Description of the task:
Exactly the lines from the one containing "Simpsons stickerbogen aus" through the end of the records must be reproduced; leave out all pictures.

[Scraped caption text data]
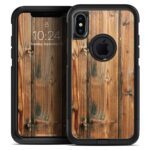 Vertical Raw Aged Wood Planks - Skin Kit for the iPhone OtterBox Cases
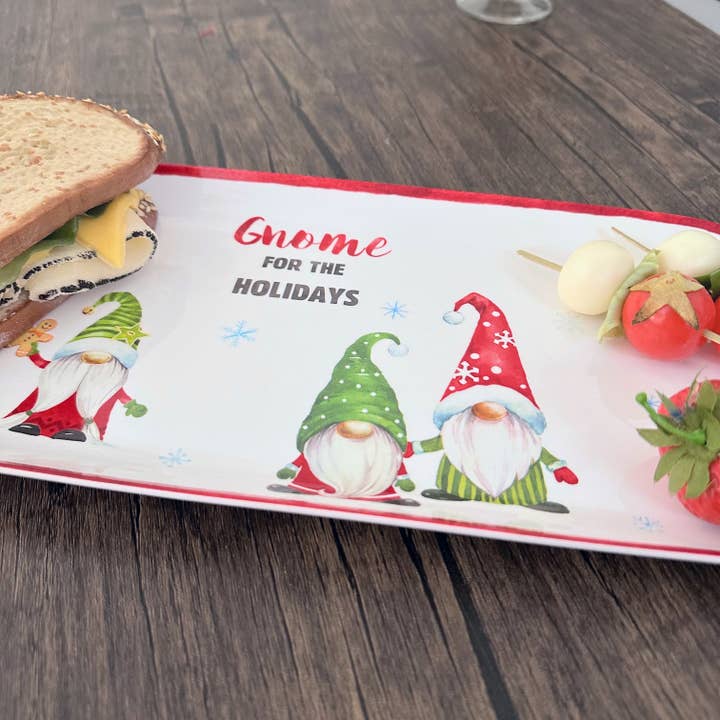 Supreme Housewares - Wholesale Serving Tray - Gnomies 15" Melamine Rectangle Tray3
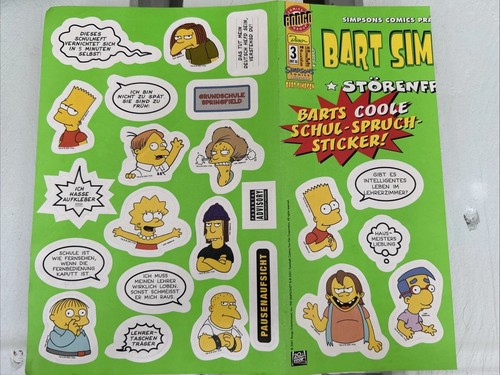 Simpsons stickerbogen aus - simpsons,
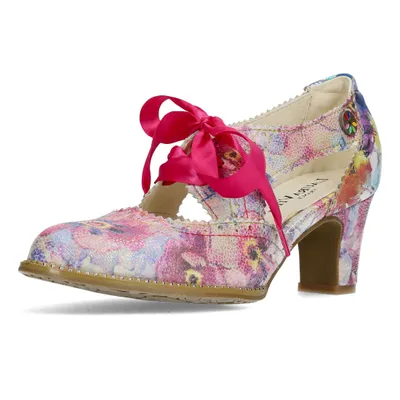Produktbild von Laura Vita Damen Pumps Cut-Outs Schnürung Elcodieo 0422, Größe:38 EU, Farbe:Mehrfarbig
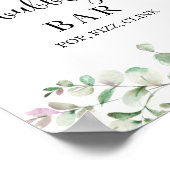 Groen Waterverf Borrelende Bar Pop Bruis Klink Bor Poster (Hoek)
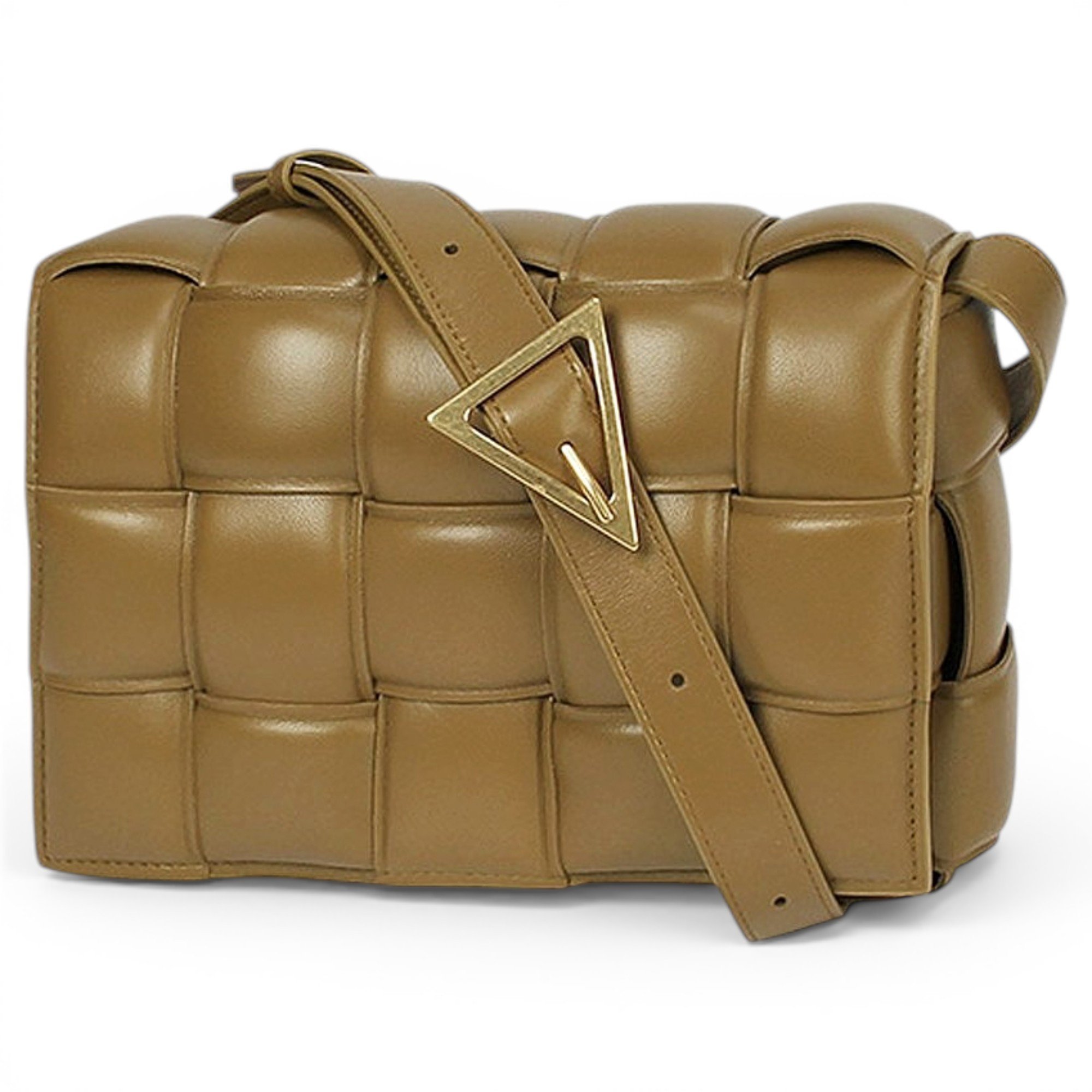 Cassette Padded leather handbag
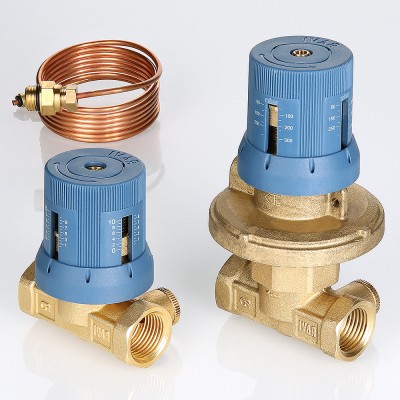 VT.040.G.30006 Автоматический регулятор перепада давлений в комплекте с запорно-регулировочным клапаном Valtec 1", 50–300 мбар  - Вид №5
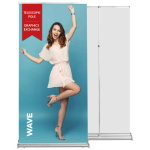 Roll up Wave 85x220 - reguliuojamas stiebas, grafikos mainų sistema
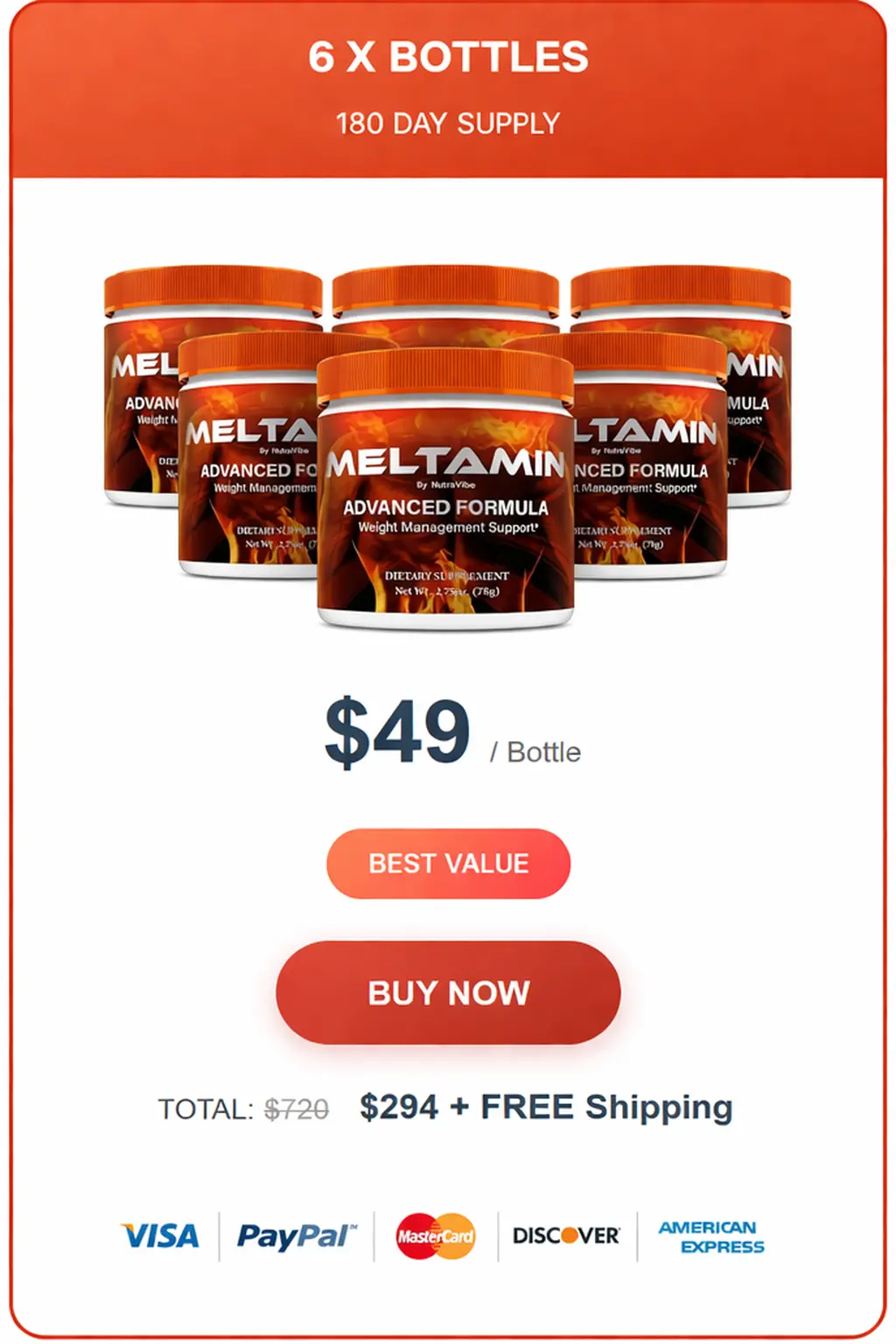 Buy Meltamin 6 Bottle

Solution to this task:
 Simpsons stickerbogen aus - simpsons,
Produktbild von Laura Vita Damen Pumps Cut-Outs Schnürung Elcodieo 0422, Größe:38 EU, Farbe:Mehrfarbig
 Groen Waterverf Borrelende Bar Pop Bruis Klink Bor Poster (Hoek)
 Cassette Padded leather handbag
 VT.040.G.30006 Автоматический регулятор перепада давлений в комплекте с запорно-регулировочным клапаном Valtec 1", 50–300 мбар  - Вид №5
 Roll up Wave 85x220 - reguliuojamas stiebas, grafikos mainų sistema
 Buy Meltamin 6 Bottle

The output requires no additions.